* [Work to complete]:
Set the pictures aside and set down only the lines from the line holding "Vintage Blue Car" through the end of the entries below, ends included.

========================================================================

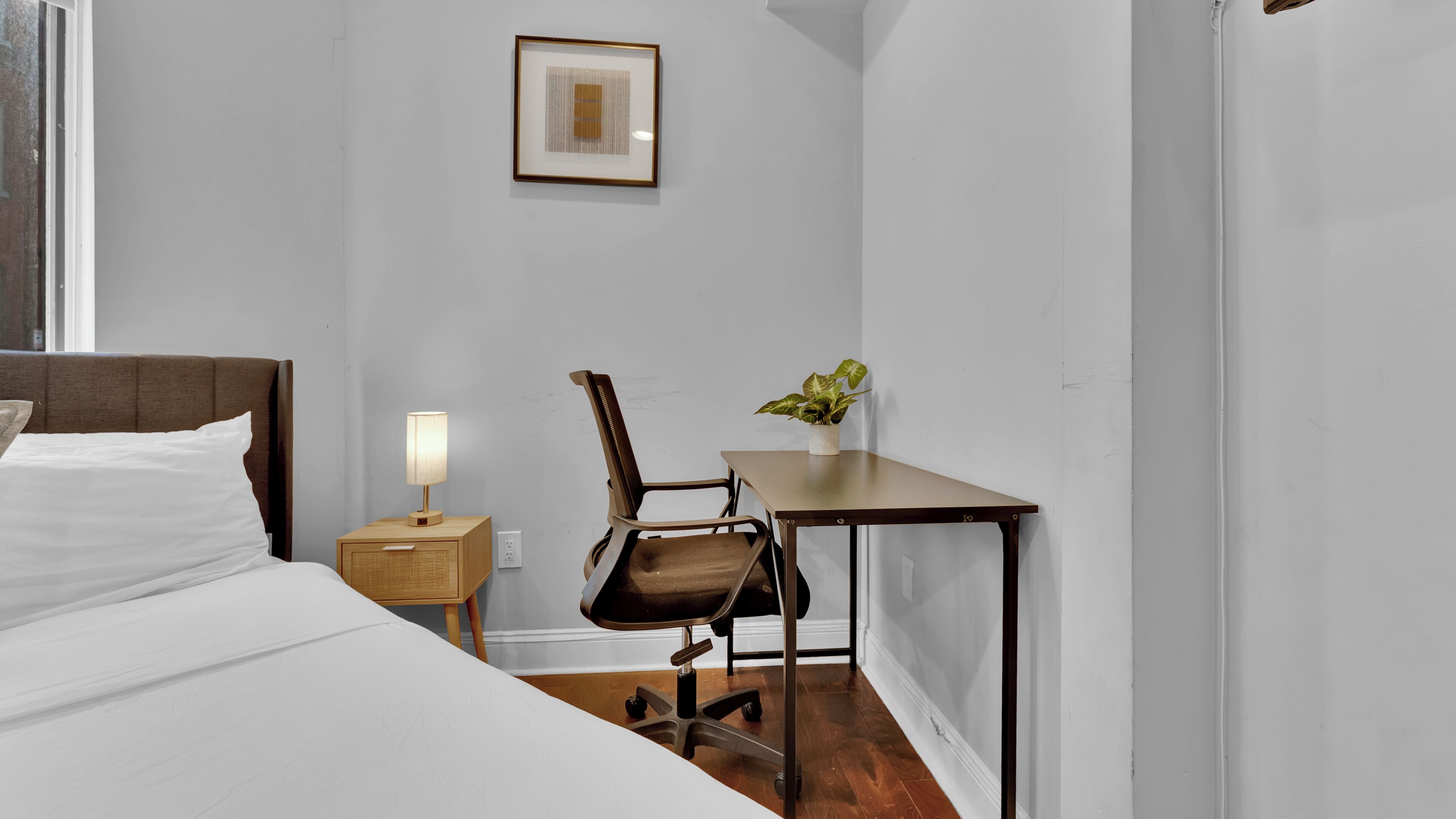 A hotel room with a bed, a desk, a chair, a lamp, and a framed picture on the wall.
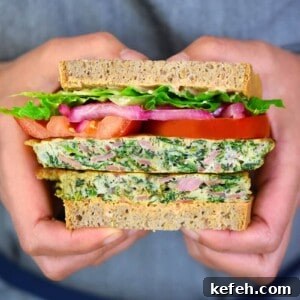 A closeup shot of someone holding a paleo St. Paul sandwich that has been sliced in half.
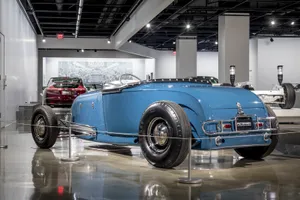 Vintage Blue Car Exhibit Petersen Automotive Museum Wallpaper
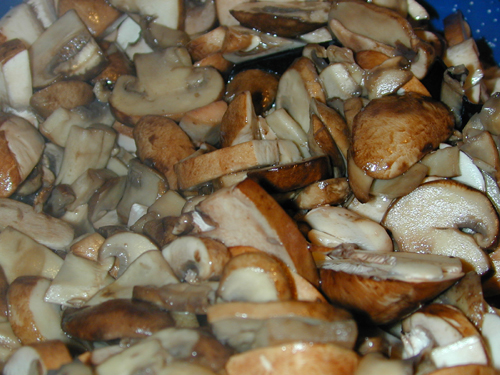 Mushrooms after being sliced and added to the pot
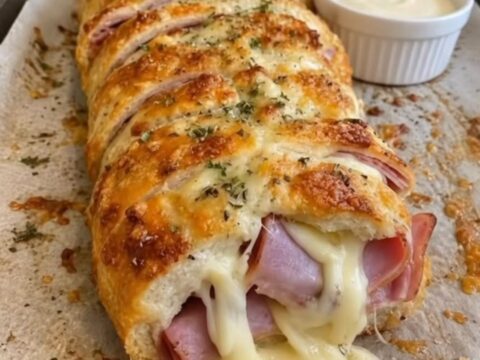 Une miche de pain dorée et farcie au fromage fondant, posée sur du papier cuisson.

========================================================================

* [Solution to the problem]:
 Vintage Blue Car Exhibit Petersen Automotive Museum Wallpaper
 Mushrooms after being sliced and added to the pot
 Une miche de pain dorée et farcie au fromage fondant, posée sur du papier cuisson.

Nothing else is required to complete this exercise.